→ **Aim of the exercise**:
Leaving out the images, please reproduce each line below exactly.

→ **Source data**:
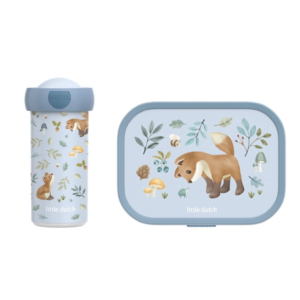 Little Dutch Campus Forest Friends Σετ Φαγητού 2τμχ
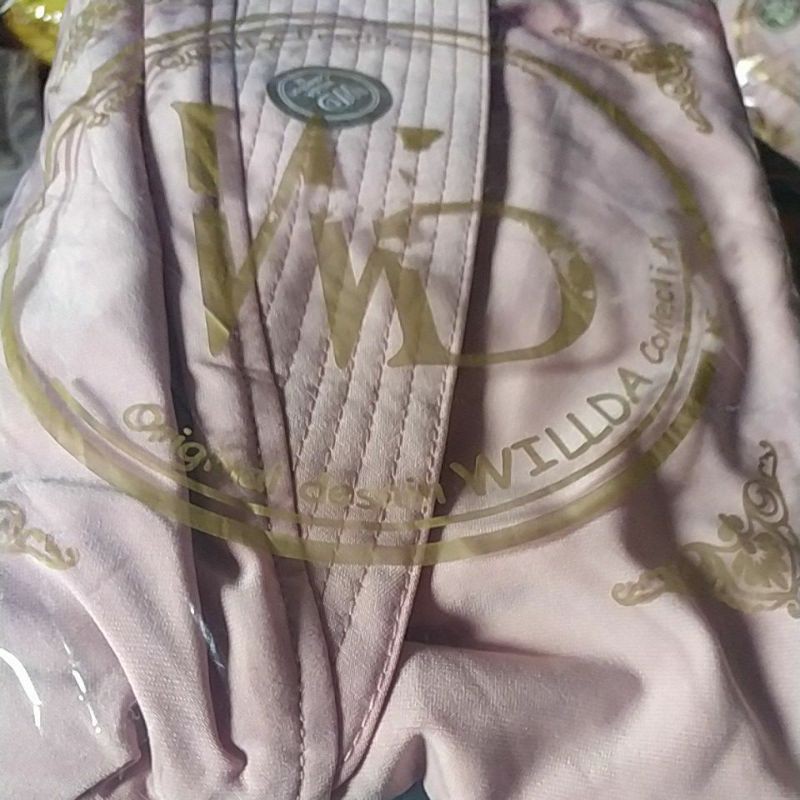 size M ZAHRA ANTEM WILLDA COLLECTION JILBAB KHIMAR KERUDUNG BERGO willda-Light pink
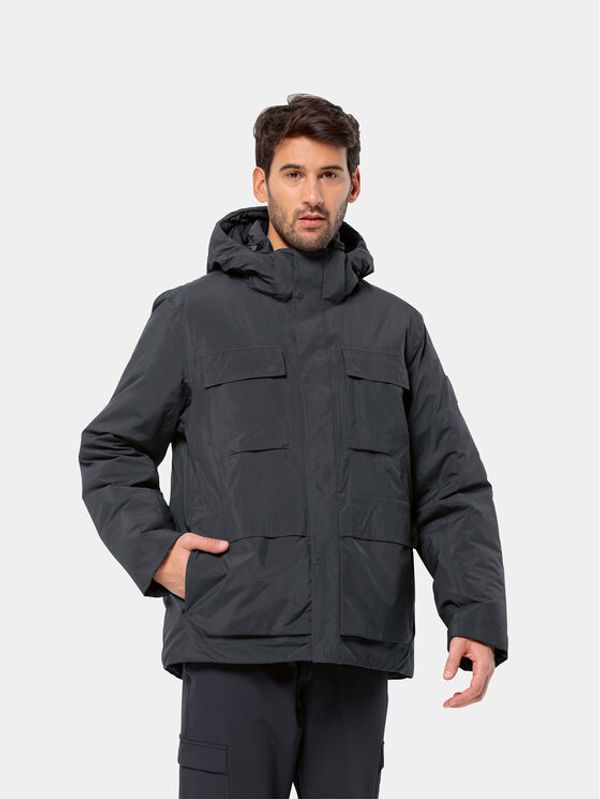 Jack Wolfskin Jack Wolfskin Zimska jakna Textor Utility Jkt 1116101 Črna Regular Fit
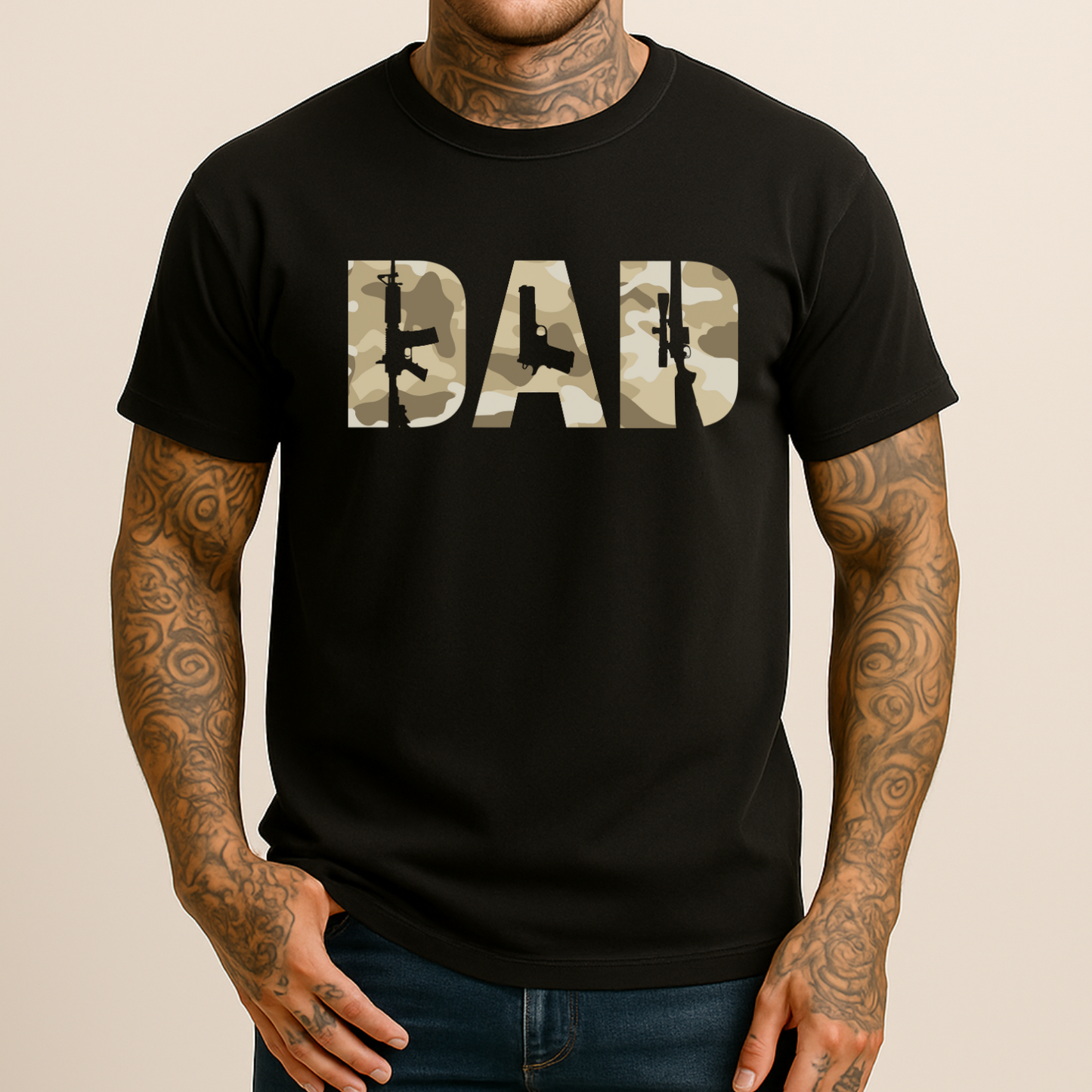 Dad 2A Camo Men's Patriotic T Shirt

→ **Response for this exercise**:
 Little Dutch Campus Forest Friends Σετ Φαγητού 2τμχ
 size M ZAHRA ANTEM WILLDA COLLECTION JILBAB KHIMAR KERUDUNG BERGO willda-Light pink
 Jack Wolfskin Jack Wolfskin Zimska jakna Textor Utility Jkt 1116101 Črna Regular Fit
 Dad 2A Camo Men's Patriotic T Shirt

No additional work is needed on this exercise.